» **EXERCISE**
Reproduce the whole of the records exactly, and make sure no picture is carried into the result.

[Web page caption snippets]
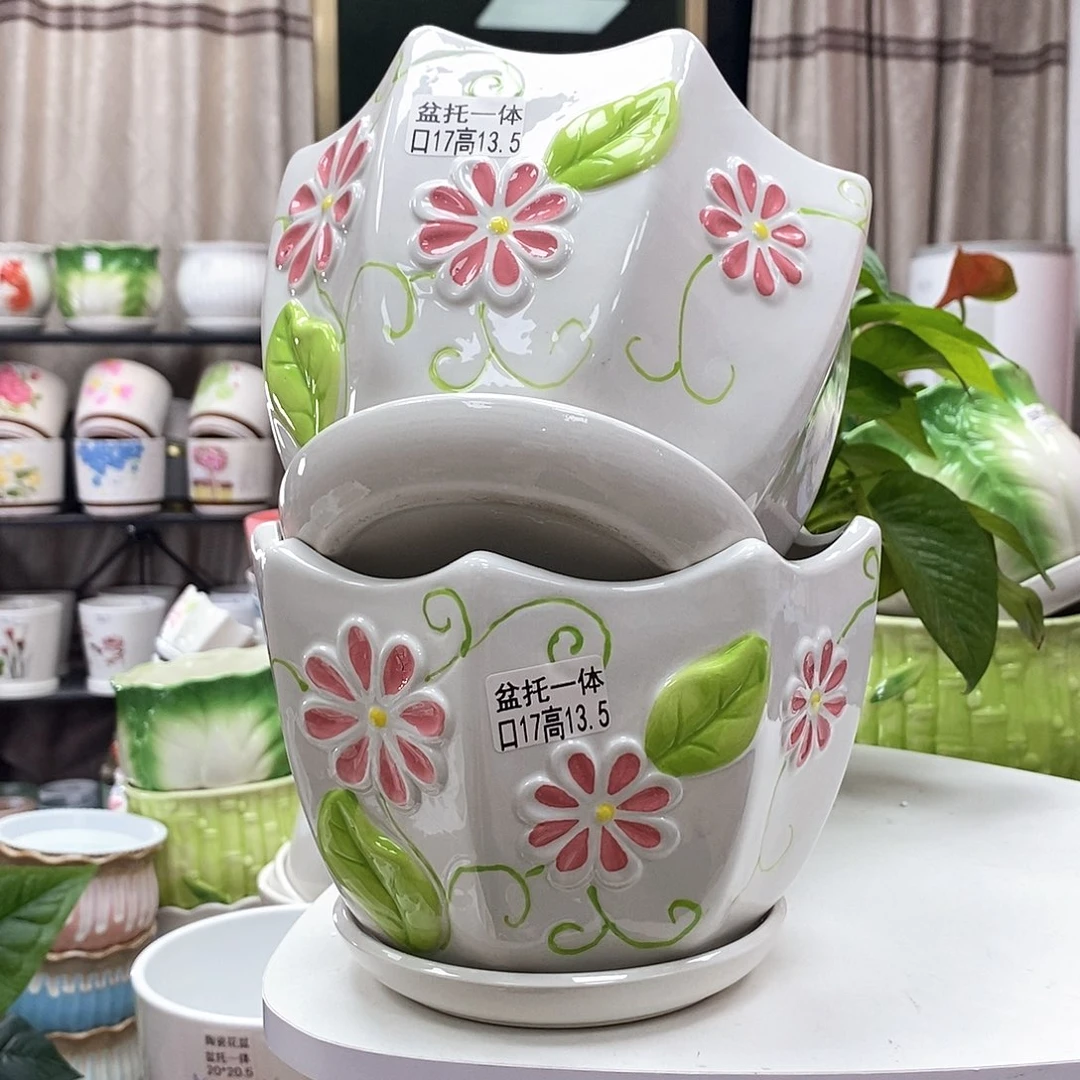 陶瓷@陶瓷花盆@@八角花盆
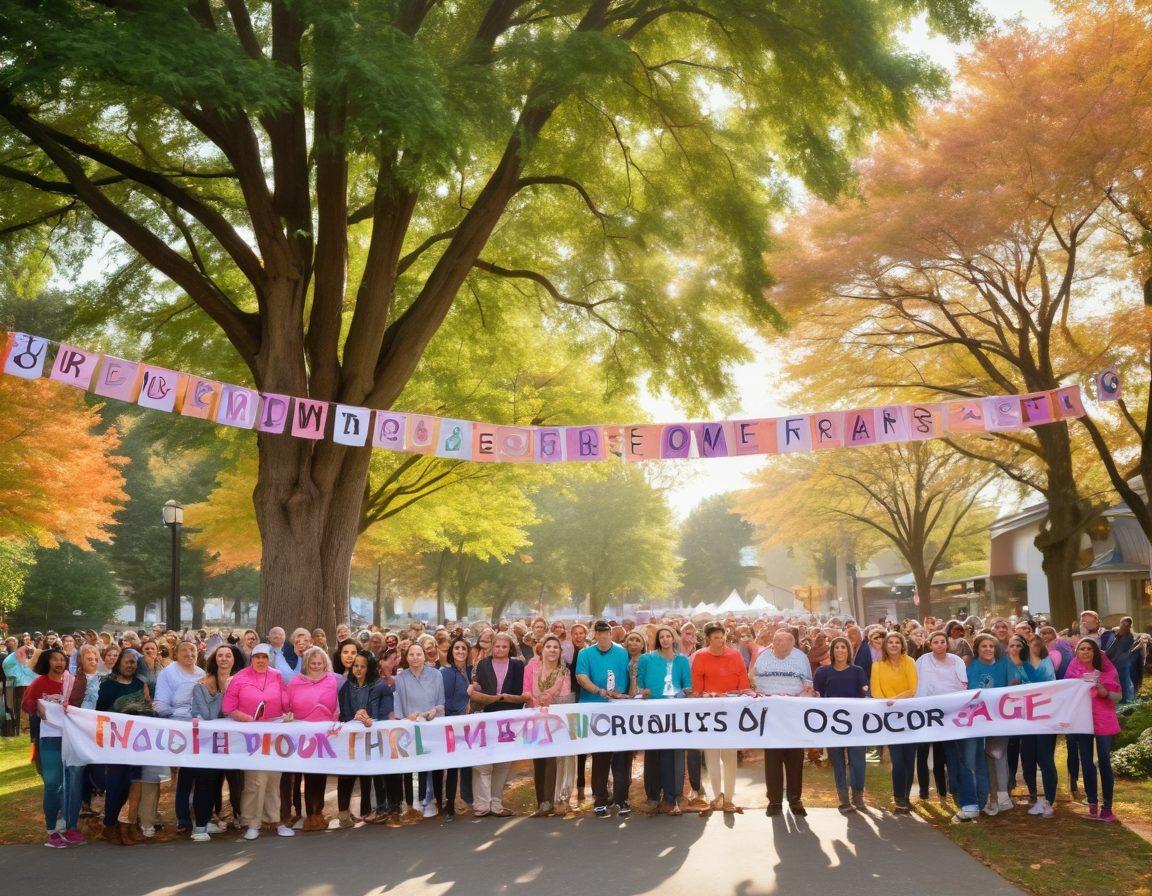 A warm, inviting community gathering with diverse individuals of all ages sharing stories of hope and support, surrounded by bright green trees and colorful banners promoting cancer awareness. Emphasize connection, friendship, and empowerment with smiles and gestures of encouragement. A backdrop of a sunny sky symbolizes hope and a bright future. super-realistic. vibrant colors. outdoor setting.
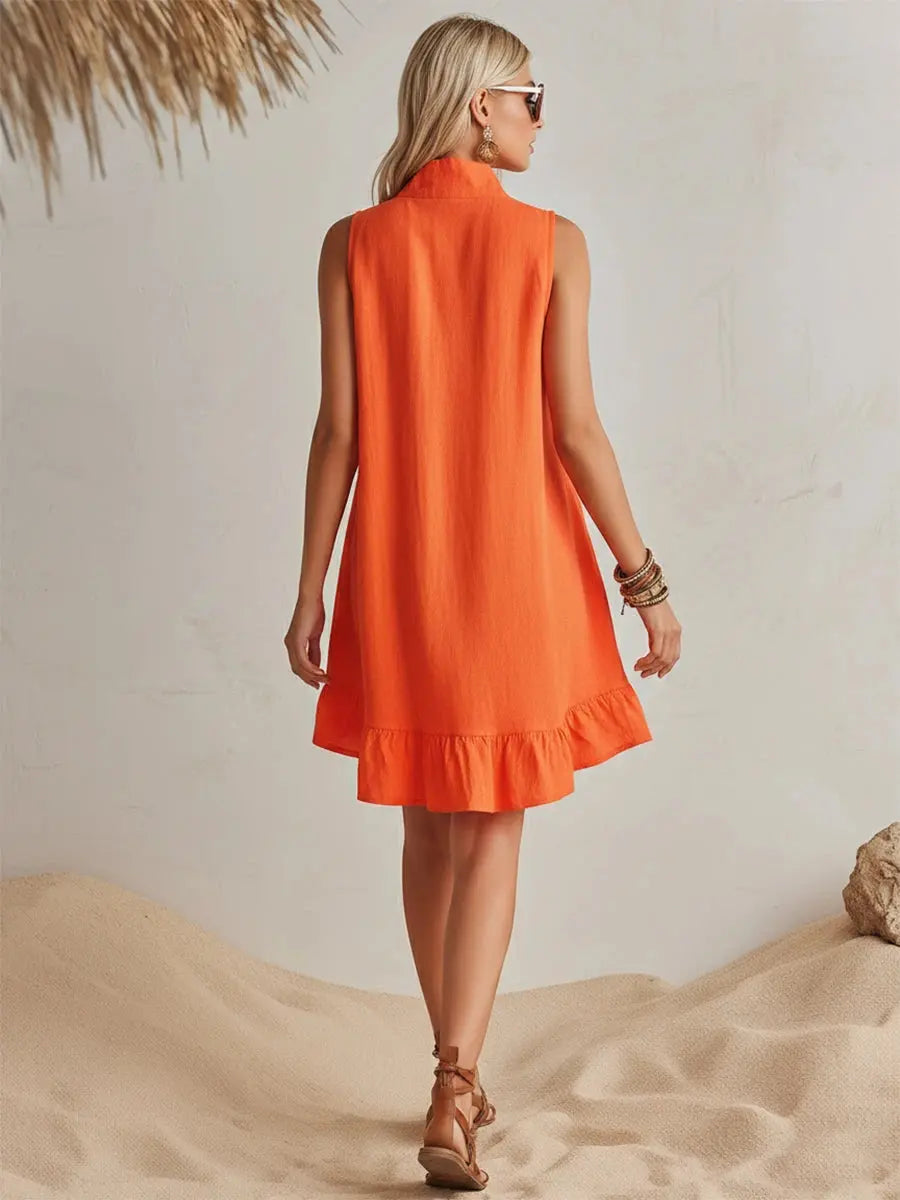 Vibrant Summer Dresses | Women's Mini Dress with Stand Collar & Ruffled Hem for Effortless Style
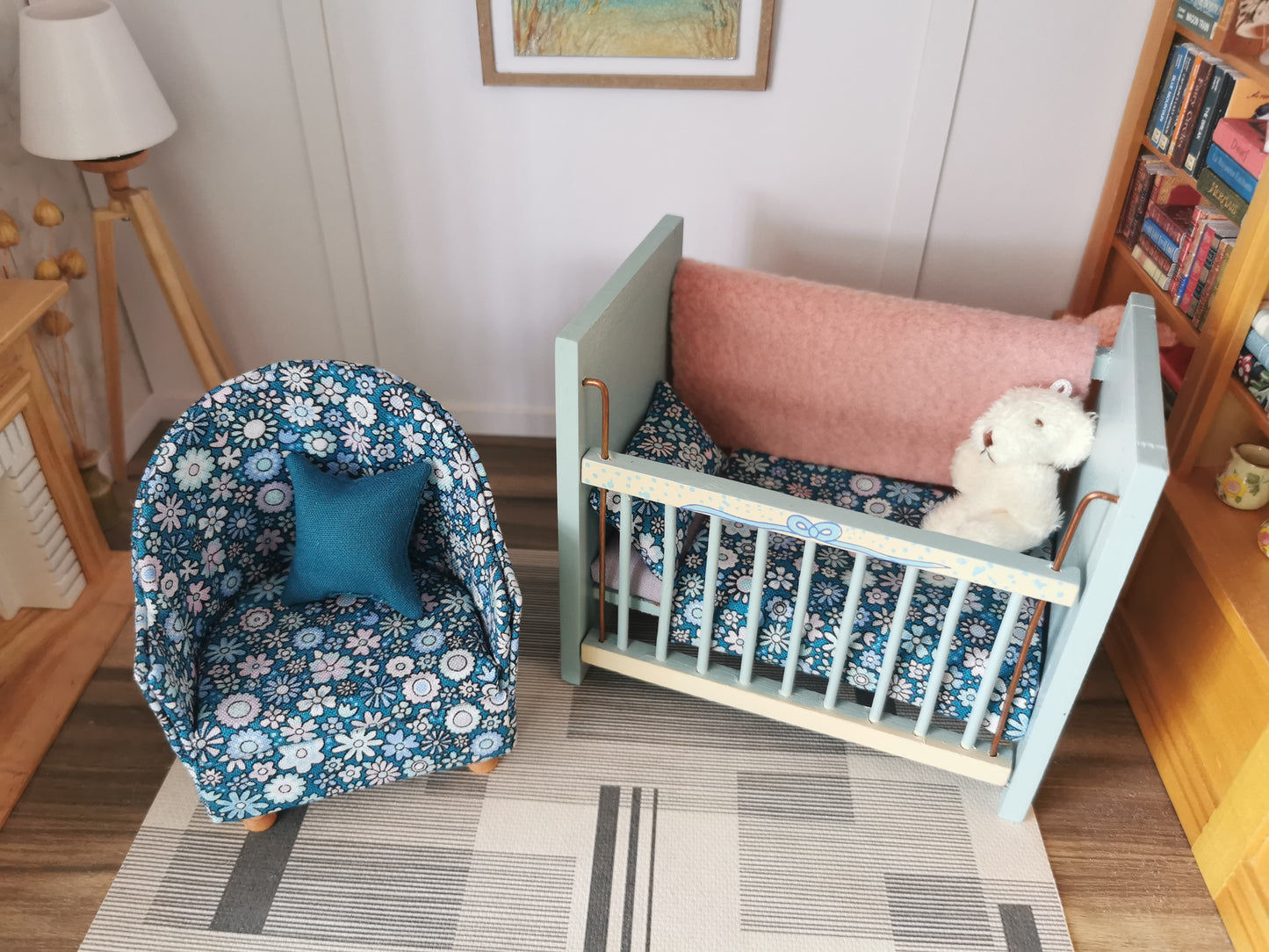 Baby Cot & Tub Chair Set in Petrol Blue Floral Print | 1:12th Scale | Handmade & Hand Finished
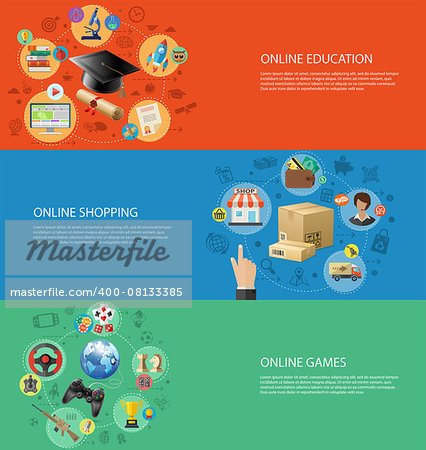 Concepts for Online Internet Technology - Education, Shopping and Games with 3D and Flat Icons. Can be used for web banners and printing advertising. Vector Illustration.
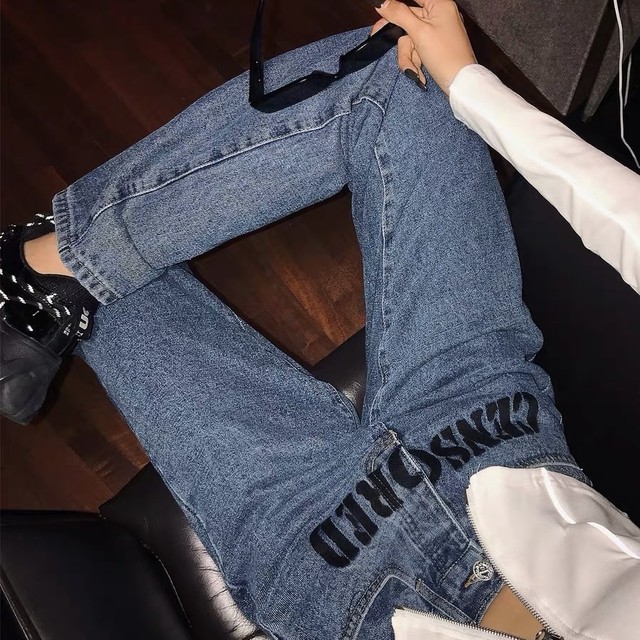 front logo denim pants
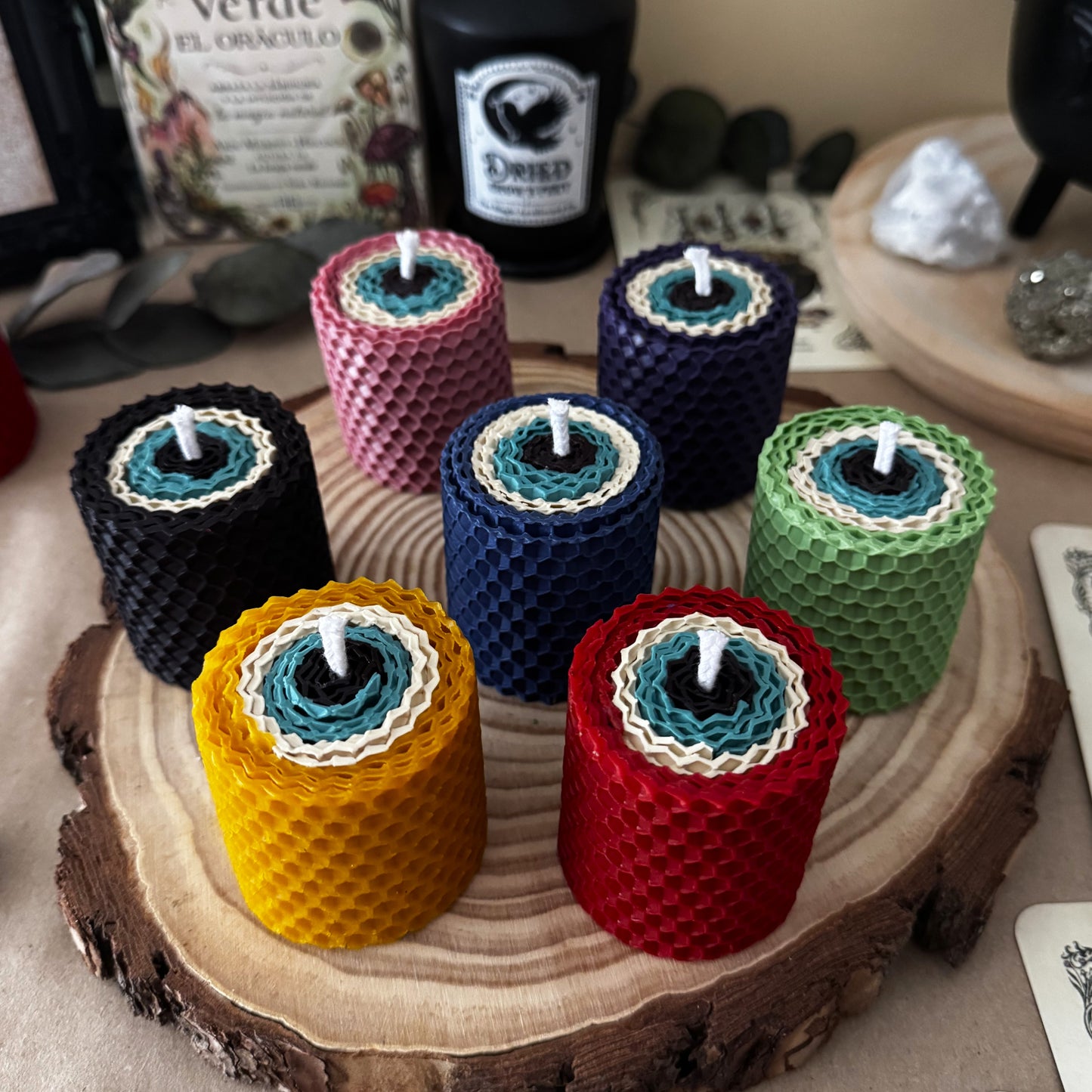 Pack Velas de Miel Ojo Turco  7 Energías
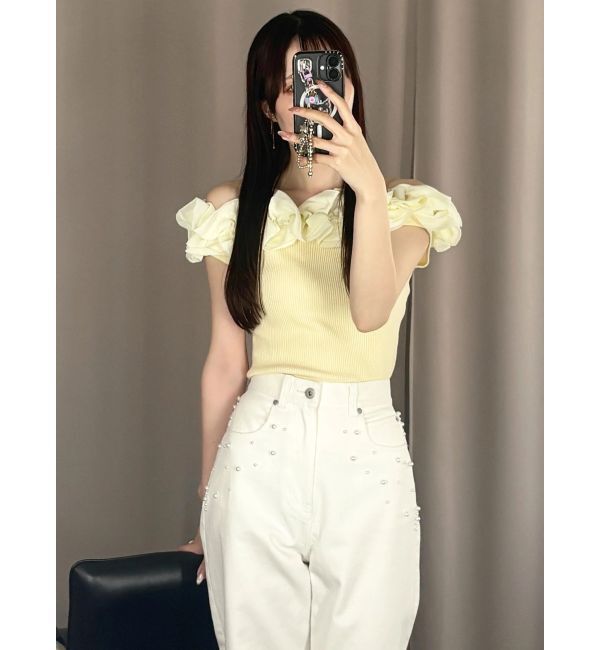 MERCURYDUO「2WAY異素材ランダムラッフルノースリニット」|ニット・セーター|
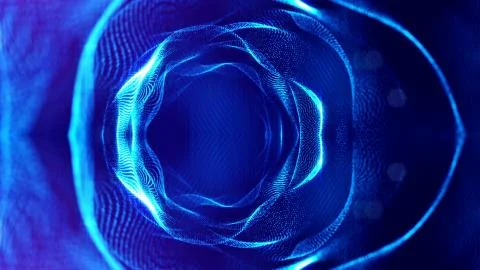 Blue particles form line and surface grid. microcosm or space. 3d rendering 스톡 일러스트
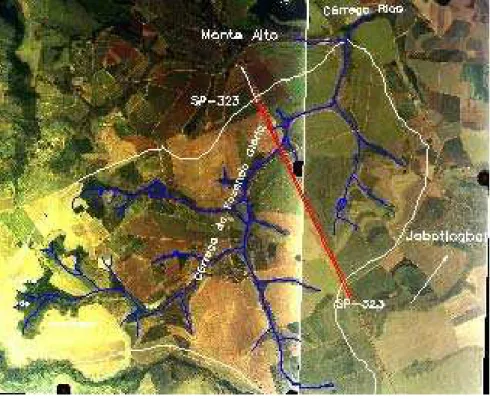 Figura 2. Carta da Rede de Drenagem da Microbacia Hidrográfica do Córrego da Fazenda  Glória, Taquaritinga, SP 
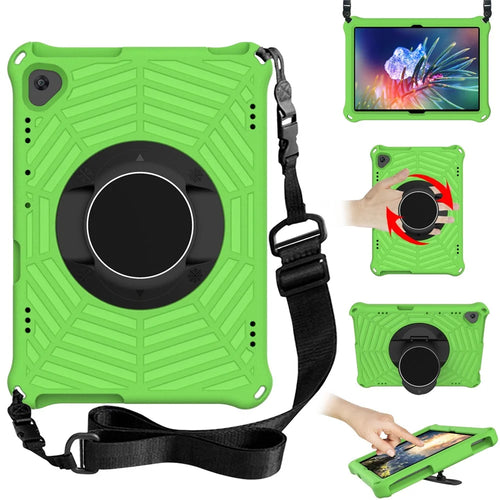 Spider Web Texture Scratch-resistant EVA Smart Tablet Case Cover with Kickstand and Shoulder Strap for Lenovo Tab M10 TB-X505F/TB-X605F 10.1-inch - Green - 1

» **OUTPUT OF THE TASK**
 陶瓷@陶瓷花盆@@八角花盆
 A warm, inviting community gathering with diverse individuals of all ages sharing stories of hope and support, surrounded by bright green trees and colorful banners promoting cancer awareness. Emphasize connection, friendship, and empowerment with smiles and gestures of encouragement. A backdrop of a sunny sky symbolizes hope and a bright future. super-realistic. vibrant colors. outdoor setting.
 Vibrant Summer Dresses | Women's Mini Dress with Stand Collar & Ruffled Hem for Effortless Style
 Baby Cot & Tub Chair Set in Petrol Blue Floral Print | 1:12th Scale | Handmade & Hand Finished
 Concepts for Online Internet Technology - Education, Shopping and Games with 3D and Flat Icons. Can be used for web banners and printing advertising. Vector Illustration.
 front logo denim pants
 Pack Velas de Miel Ojo Turco  7 Energías
 MERCURYDUO「2WAY異素材ランダムラッフルノースリニット」|ニット・セーター|
 Blue particles form line and surface grid. microcosm or space. 3d rendering 스톡 일러스트
 Figura 2. Carta da Rede de Drenagem da Microbacia Hidrográfica do Córrego da Fazenda  Glória, Taquaritinga, SP 
 Spider Web Texture Scratch-resistant EVA Smart Tablet Case Cover with Kickstand and Shoulder Strap for Lenovo Tab M10 TB-X505F/TB-X605F 10.1-inch - Green - 1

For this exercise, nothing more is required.